Ce n’est plus un secret depuis longtemps, mais les professions du chiffre sont devenues une profession en pénurie. Si les responsabilités continuent de croître, cela n’entrainera certainement pas une augmentation du personnel. Les professionnels du chiffre sont chargés de tâches supplémentaires, par exemple le registre UBO. Ici, la responsabilité finale est transférée au professionnel de la comptabilité. Dans le dossier de la lutte contre le blanchissement d’argent, le professionnel du chiffre est devenu le personnage clé.

Le gouvernement devrait rendre la profession plus attrayante en proposant des "délais réalisables" et une diminution des responsabilités finales. C'est le seul moyen de sauver la profession de comptable d'une mort certaine.

En outre, les agences d’intérim et les agences de sélection devraient être soumises à des règles plus strictes. En ce moment, elles essaient constamment de "racheter" des personnes d'un bureau afin de les placer dans un autre bureau offrant de meilleures conditions et des profits plus élevés.

 

QU’EST-CE QUE LE PROFESSIONNEL DU CHIFFRE ATTEND DU GOUVERNEMENT ?

§  En premier lieu, le professionnel du chiffre veut des solutions logiques, même pour des questions ou des problèmes difficiles.

§  Le professionnel du chiffre veut être entendu. En tous cas, l’institut est le premier à être une oreille attentive pour tous les professionnels du chiffre. C’est une bonne chose, mais l’ITAA peut-elle toujours et partout savoir ce qui se passe sur le terrain ? Une institution doit guider et représenter ses membres, même les protéger. L’institut est parfois critiqué pour avoir perdu le contact avec le bureau de comptable.

  • De nombreuses associations professionnelles sont reconnues par le Conseil supérieur des indépendants et des PME. Une association professionnelle reconnue comme le KVABB – CRECCB, n’est pas entendue par l’institut, alors qu’elle est autorisée à siéger au Conseil supérieur.

  • Les associations professionnelles sont là pour aider et représenter leurs membres.
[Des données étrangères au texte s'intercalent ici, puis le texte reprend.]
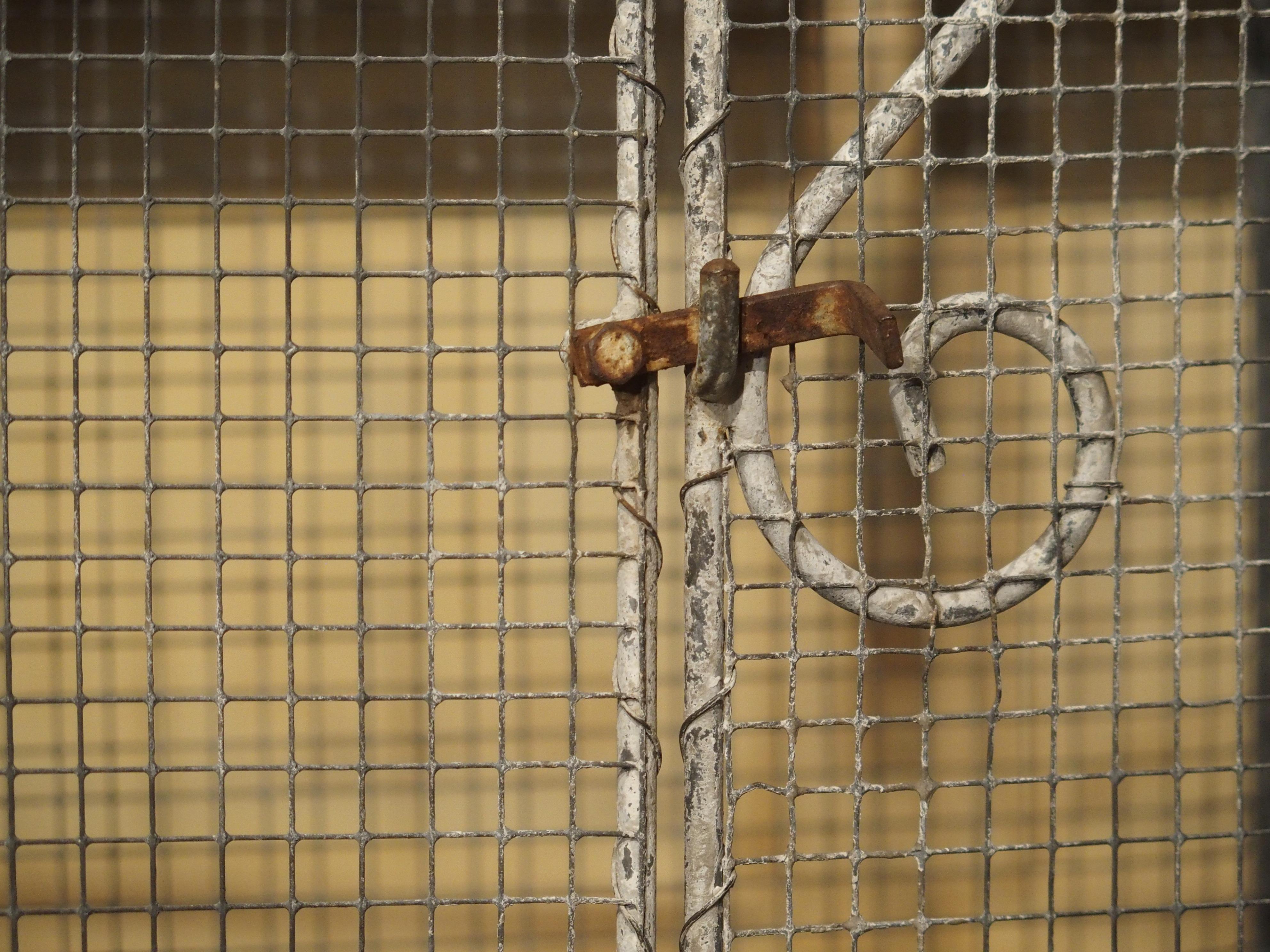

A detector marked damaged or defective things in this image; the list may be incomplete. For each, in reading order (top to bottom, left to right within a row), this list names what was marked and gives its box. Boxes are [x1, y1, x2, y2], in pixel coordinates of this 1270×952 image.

Mais comment pouvons-nous faire au mieux, alors que le ministre des finances ne veut communiquer qu’avec l’ITAA ? Est-ce encore démocratique ?

§  Les fonctionnaires du ministère des finances ne devraient pas déterminer leurs propres règles. Nous attendons le règlement et/ou son amendement du gouvernement ou du ministre.
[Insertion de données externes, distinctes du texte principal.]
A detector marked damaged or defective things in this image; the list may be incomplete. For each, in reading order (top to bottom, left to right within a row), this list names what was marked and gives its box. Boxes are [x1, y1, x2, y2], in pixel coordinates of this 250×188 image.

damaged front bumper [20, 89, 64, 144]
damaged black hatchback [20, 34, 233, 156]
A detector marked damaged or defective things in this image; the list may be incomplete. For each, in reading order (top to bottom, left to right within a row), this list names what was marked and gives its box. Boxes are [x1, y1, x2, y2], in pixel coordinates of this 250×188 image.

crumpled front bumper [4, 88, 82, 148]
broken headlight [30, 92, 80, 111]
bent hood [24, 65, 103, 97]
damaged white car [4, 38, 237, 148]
§  Les professions du chiffre souhaitent une coopération positive avec le gouvernement. Les conditions de travail dans un bureau devraient être beaucoup plus compréhensibles. Nous faisons référence à la pandémie de corona et à la coopération difficile pour repousser un peu la date d’échéance, afin de donner un peu plus de répit aux professionnels du chiffre. Les nez du gouvernement et des ministres ne sont pas toujours pointés dans la même direction, et il est difficile de travailler comme cela. Ne faut-il pas se méfier à tout moment du populisme pour regagner la confiance des citoyens ?

 

En résumé, le professionnel du chiffre doit relever de nombreux défis, certains plus passionnants que d’autres. Qu’il s’agisse de la digitalisation (de grande envergure) ou de la recherche de personnel dans cette pénurie, le professionnel de la comptabilité devra faire preuve de créativité pour relever certains défis. Dans tous ses défis, il veut être entendu, et il veut coopérer de manière créative et constructive avec les administrations.